SEBA Class 9 Maths Polynomials MCQs (2026–27) – Assam Eduverse
The SEBA Class 9 Maths Polynomials MCQs (2026–27) are prepared according to the latest ASSEB syllabus and the updated board exam pattern. These SEBA Class 9 Maths Polynomials MCQs include conceptual objective questions, formula-based MCQs, and exam-oriented practice sets designed to strengthen algebraic understanding.
Prepared by subject experts of Assam Eduverse, these seba class 9 maths polynomials mcqs focus on important topics such as types of polynomials, degree of a polynomial, coefficients, value of a polynomial, and algebraic expressions. Practicing these polynomials mcqs class 9 seba and assam board class 9 maths objective questions improves conceptual clarity and problem-solving skills.
Regular revision of these ASSEB class 9 maths important MCQs ensures strong preparation for the 2026–27 board examination and helps students perform better in objective-type mathematics questions.
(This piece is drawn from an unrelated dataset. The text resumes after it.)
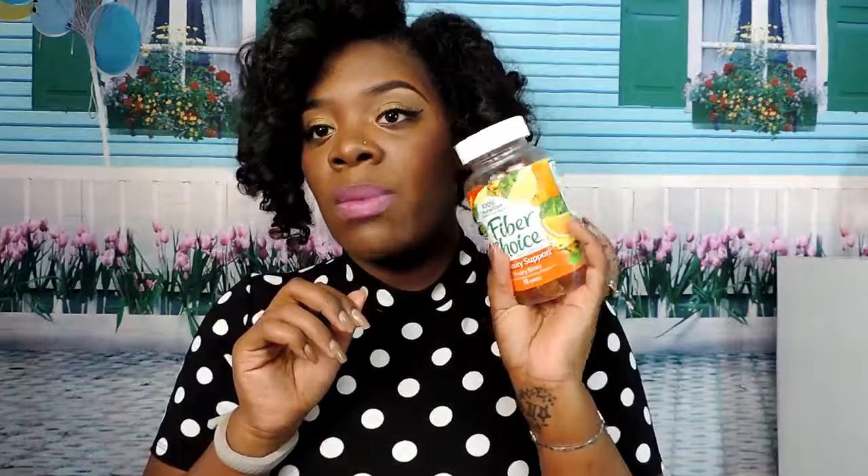I also got a couple of Ragu coupons — 55 cents off. If you go to the store they're usually two for four dollars, especially at Food Lion or Lowe's Foods, so getting 55 cents off when you buy is pretty good. And that's pretty much all that came in my box.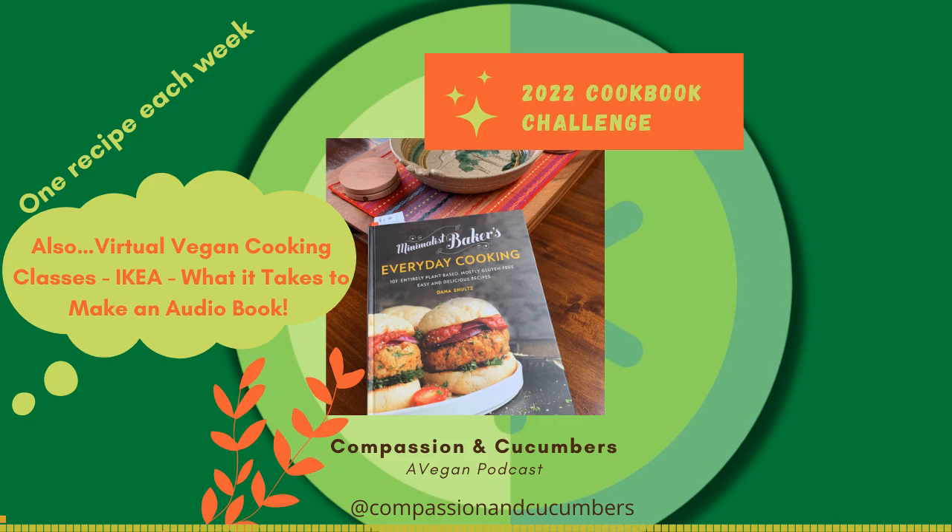Welcome to episode 21 of the Compassion and Cucumbers podcast. I'm Christine, and I'm Sam. And this week on our cookbook challenge — the 2022 cookbook challenge — we're going to talk about the recipe that I made last week.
SEBA Class 9 Maths Polynomials MCQs – ASSEB 2026–27 Board Exam Practice
Table of Contents
Q1. In 2 + x + x² the coefficient of x² is:
(a) 2
(b) 1
(c) –2
(d) –1
Answer: (b) 1
The coefficient of x² means the number written in front of x².
In 2 + x + x², the term containing x² is 1×x².
So, the coefficient of x² is 1.
Q2. In 2 – x² + x³ the coefficient of x² is:
(a) 2
(b) 1
(c) –2
(d) –1
Answer: (d) –1
The term containing x² is –x².
–x² means –1 × x².
So, the coefficient of x² is –1.
Q3. In (πx²)/2 + x + 10, the coefficient of x² is:
(a) π/2
(b) 1
(c) –π/2
(d) –1
Answer: (a) π/2
The term containing x² is (πx²)/2.
This can be written as (π/2) × x².
So, the coefficient of x² is π/2.
Q4. The degree of 5t – 7 is:
(a) 0
(b) 1
(c) 2
(d) 3
Answer: (b) 1
The degree of a polynomial is the highest power of the variable.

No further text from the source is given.